Corinna Zürn, Psychologiestudentin, wohnt in einer WG, die die gemeinsame Debatte übers Heizen noch vor sich hat. „Es ist noch nicht beschlossen, wann wir heizen und welche Räume“, sagt sie. Das Heizen ist nicht zum ersten Mal Thema in der WG. Schon im vergangenen Winter habe man sich aufs Sparen verständigt, weil die Heizkosten schlicht zu hoch waren.
Kommt es zum allmählichen Umdenken?
Was alle eint: Die politische Einschätzung der Lage und die Befürchtung, dass der notwendige gesellschaftliche Druck immer noch nicht ausreichen könnte. Trotzdem sind die beiden jungen Frauen einigermaßen optimistisch, was die Wahrnehmung des Problems Klimakrise angeht. „Der gesellschaftliche Druck auf die Regierung steigt – aber groß genug ist er noch nicht“, sagt Annika Christen. Sie glaubt nicht, dass der Einfluss der Fridays-Bewegung wegen der vielen sich überlagernden Krisen stark nachgelassen habe. Auch Corinna Zürn erkennt ein allmähliches Umdenken, etwa anhand der Kritik an den Übergewinnen der Energieunternehmen.
„Die Leute fragen sich nicht mehr, wie noch 2019, ob Klimaschutz wichtig ist, sondern, wie man ihn organisieren kann“, meint die 26-jährige Psychologie-Studentin. „Wir stehen vor einem großen Umbruch – aber auch vor einer großen Chance.“ Auch in Bezug auf ihren lokalen Einfluss sind die jungen Frauen im Wesentlichen zufrieden. Immer mehr Menschen interessierten sich für das Protestcamp, berichtet Annika Christen, und immer mehr brächten sich auch ein, zumindest punktuell. Im Sommer seien viele Familien und viele Touristen vorbei gekommen, ergänzt Zürn.

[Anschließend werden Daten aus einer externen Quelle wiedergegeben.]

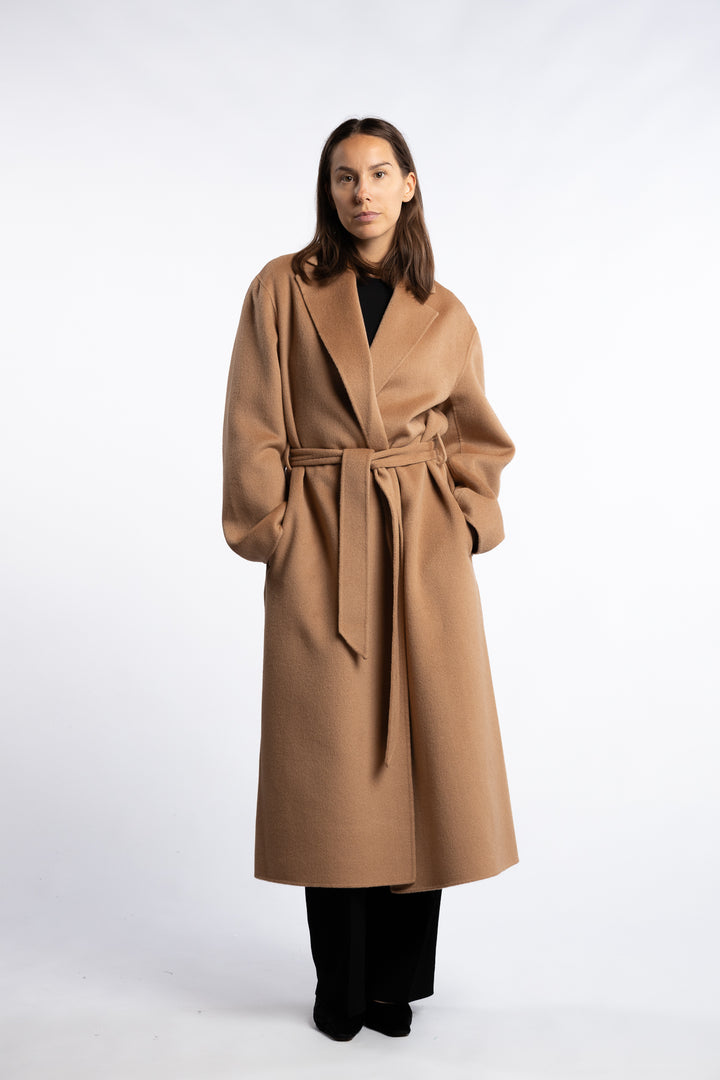 Alyssa Doublé Coat- Dark Camel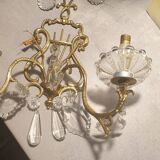 1 Applique prisme de cristal  2 feux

Die nachdenkliche Haltung bleibt den Klimaschützern, ob sie 15 oder 28 Jahre alt sind. Manche, wie Frida Mühlhoff, fordern Systemveränderungen. „Der Wachstumsgedanke muss in Frage gestellt werden“, sagt sie. Das sei ihr 2019 noch nicht klar gewesen. „Wir müssen die Gesellschaft ganz anders gestalten, weg vom Wettbewerbsgedanken.“ Sagt es und mahnt bei untergehender Sonne die anderen zur Teilnahme an ihrer gemeinsamen Sitzung. Denn es gibt viel zu tun: Ausruhen und Stillstand – das können sich die Klimaschützer gerade jetzt so gar nicht leisten.